Düsseldorfer Kunstszene "Eine gute Stadt für freie Künstler"

Düsseldorf · Christoph Seeger-Zurmühlen war bis zum Intendantenwechsel einer der beliebtesten Darsteller am Jungen Schauspielhaus. Inzwischen hat er sich selbstständig gemacht und tritt mit seiner freien Gruppe "Per.Vers" beim neuen Asphalt-Festival auf. Eine Begegnung.

Regisseur, Schauspieler und Festivalgründer Christoph Seeger-Zurmühlen vor einer Mauer auf dem Gelände der ehemaligen Brotfabrik an der Rondsdorfer Straße 77a - Hauptspielort des Asphalt-Festivals.

Regisseur, Schauspieler und Festivalgründer Christoph Seeger-Zurmühlen vor einer Mauer auf dem Gelände der ehemaligen Brotfabrik an der Rondsdorfer Straße 77a - Hauptspielort des Asphalt-Festivals.

Foto: Hans-Juergen Bauer

Er war ein unglaublich flinkes Pferd auf Plateauschuhen im Weihnachtsmärchen "Mio, mein Mio". Oder Artusritter Gawan in einer modernen Version von Parzifal.
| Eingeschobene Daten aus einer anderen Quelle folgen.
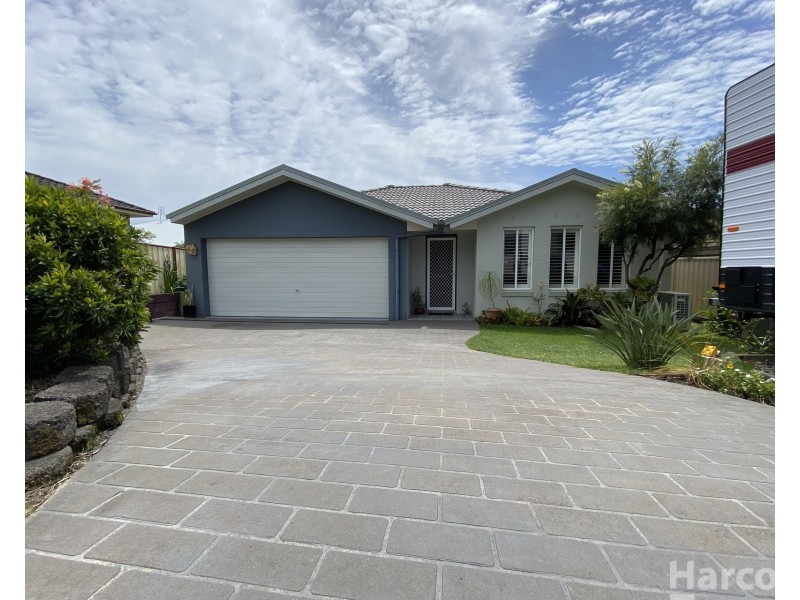 35 Keith Andrews Avenue, South West Rocks NSW 2431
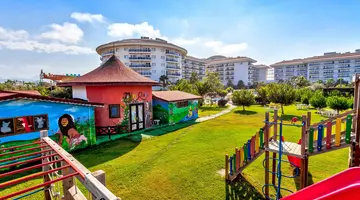 Sea World Resort and Spa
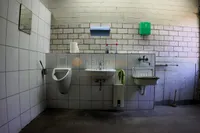Halle f. Werkstatt/Produktion/Lager, ca. 137 m² + Lagerraum ca. 90 m², in 56626 Andernach zu verm.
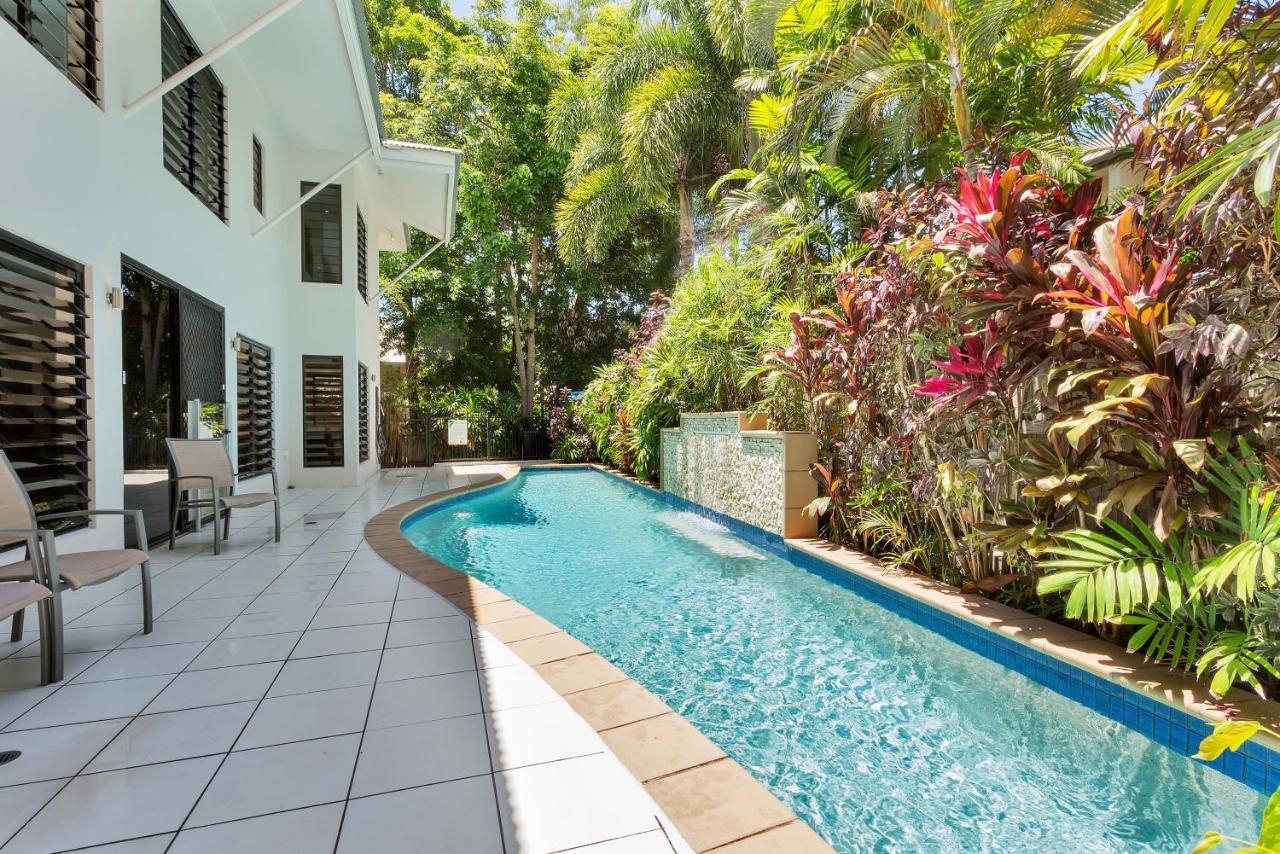 Seascape Luxury Beachfront House - Ferienwohnung Clifton Beach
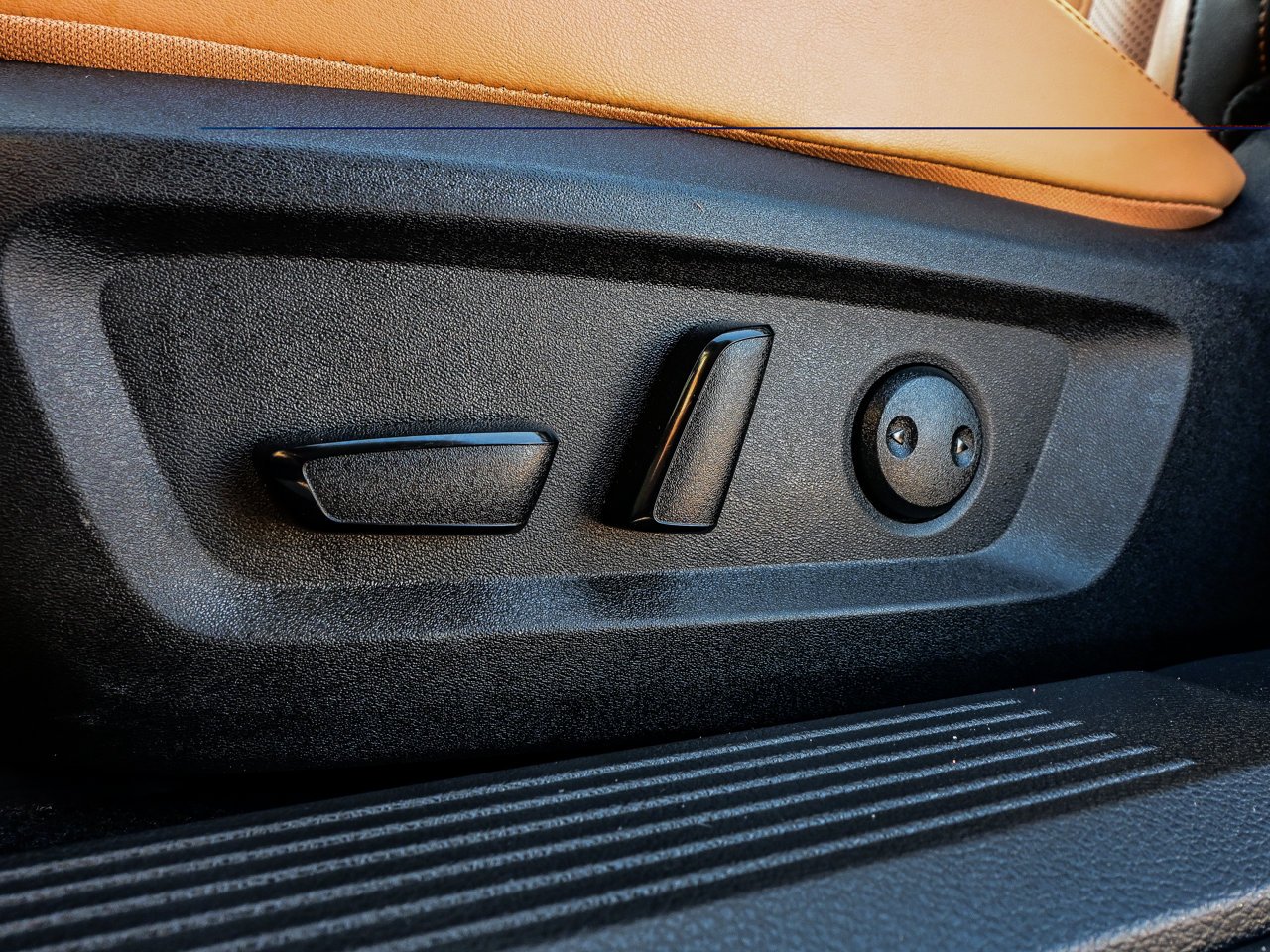 2023 Nissan Rogue AWD Platinum Blue Sherwood Park - photo #17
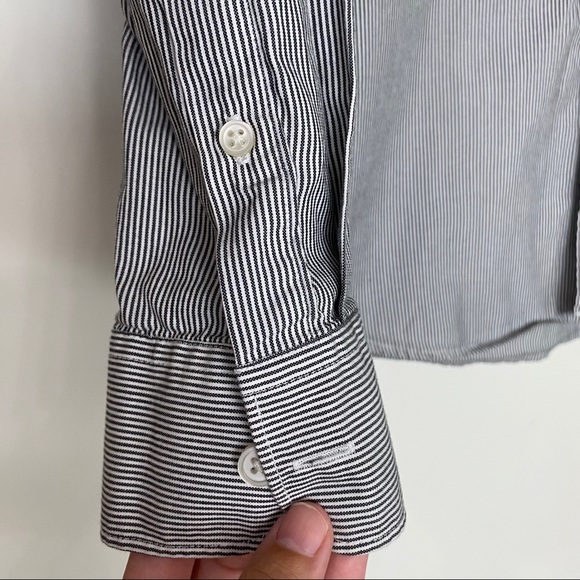 EVERLANE Men’s Button Down Blue/White Stripe Shirt - Picture 4 of 6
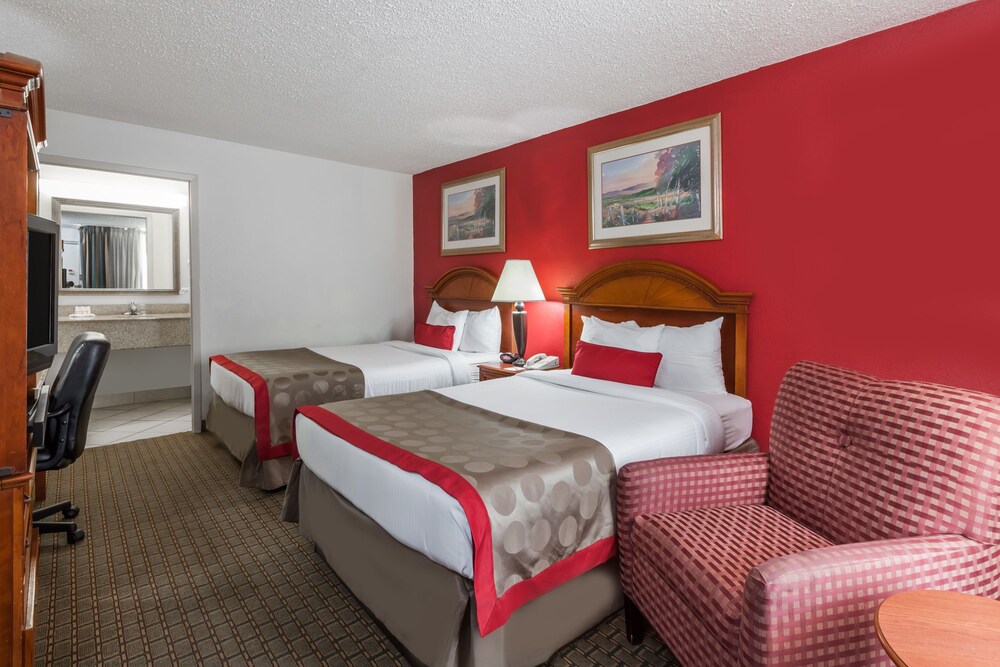 Ramada By Wyndham New Iberia - photo 6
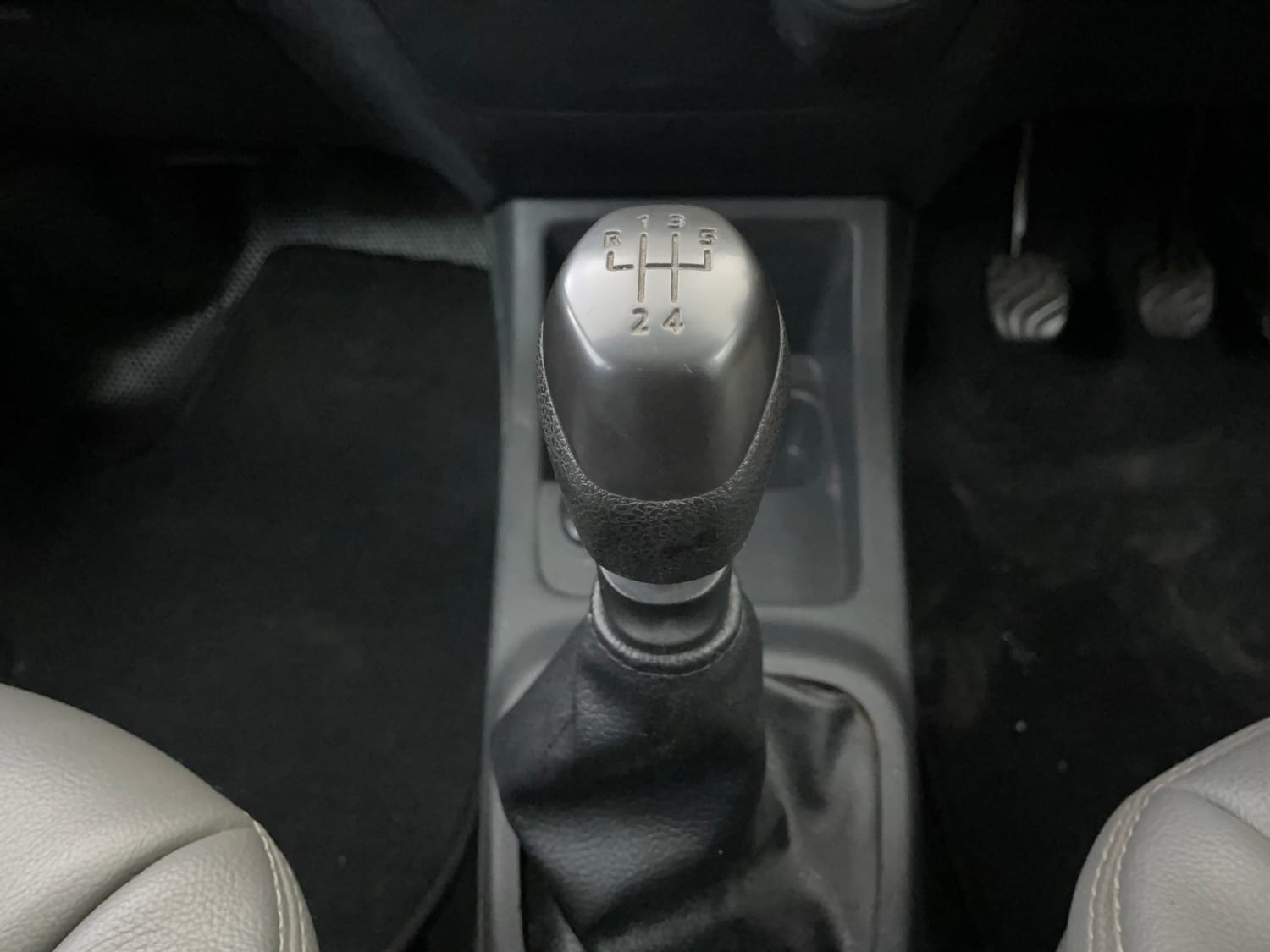 Used 2016 Renault Kwid RXT Petrol Manual interior GEAR  KNOB VIEW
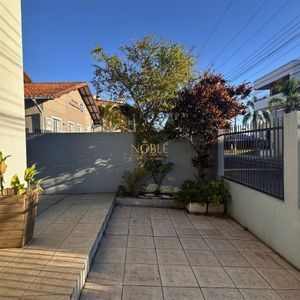 Apartamento com 67m², 2 dormitórios, 1 suíte, 1 vaga no Esplanada em Torres para Comprar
Am Jungen Schauspielhaus hat Christoph Seeger-Zurmühlen außerdem inszeniert — "Aschenputtel" zum Beispiel und "Lilliom". Dann wechselte die Intendanz und der beliebte Darsteller verließ die Bühne — nicht aber die Stadt.

Christoph Seeger-Zurmühlen hat sich selbstständig gemacht. "Düsseldorf ist ein guter Ort für Theatermacher", sagt er, "es gibt hier noch Nischen für freie Künstler, großartige Spielorte und ein offenes Publikum." Schon während seiner Zeit am Stadttheater hat er eine eigene Theatergruppe gegründet, war mit "Per.Vers" unter anderem beim Altstadtherbst zu erleben. Jetzt steht eine weitere Premiere an: Seeger-Zurmühlen hat mit dem Düsseldorfer Komponisten Bojan Vuletic das neue Sommer-Festival "Asphalt" gegründet und zeigt dort das nächste Stück seines Theaterkollektivs: "Einzelzimmer" nach Monologen von Dea Loher, Esther Gerritsen und Jean Tardieu.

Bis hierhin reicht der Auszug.